Professor of linguistics, MIT

Public intellectual in philosophy, intellectual history, and international affairs

Author, most recently, Failed States: The Abuse of Power and the Assault on Democracy

Thomas Ricks

Staff Writer, Washington Post

Author, Fiasco: The American Military Adventure in Iraq

Update, August 15 2006, 6:52 PM

As you can see, we’ve added Thomas Ricks to the conversation. Here, from Chris’s billboard, a better idea of what we’re going to be talking about.
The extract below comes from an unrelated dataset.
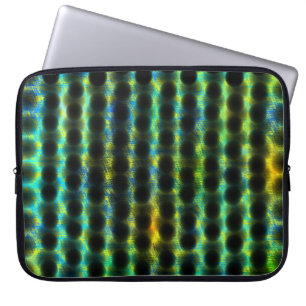 Green, black polka dots generating shapes, shadow laptop sleeve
Noam Chomsky and Tom Ricks could be said to embody two different ways of knowing – the war in Iraq, for example. Chomsky is the Einstein of language theory, not a military strategist. He got to know about Iraq by reading up and thinking hard, before the US invasion: for example, about a major problem in the Shiite majority which, in any kind of Iraqi democracy, would want to align with the Shiite state of Iran. That was “the last thing the US wants, Chomsky saw in advance, because “Iran is [the US’s] next target, as now it seems to be. Tom Ricks is a Pentagon reporter who covered the war room and the fighting day-to-day for four years compiling his top-of-the-list best-seller, Fiasco, about a bad war plan, badly executed. With two ways of knowing, two angles of view, one from the briefing room and battlefield, the other from hyper-rational analysis at satellite height, Tom Ricks and Noam Chomsky are next, on OS.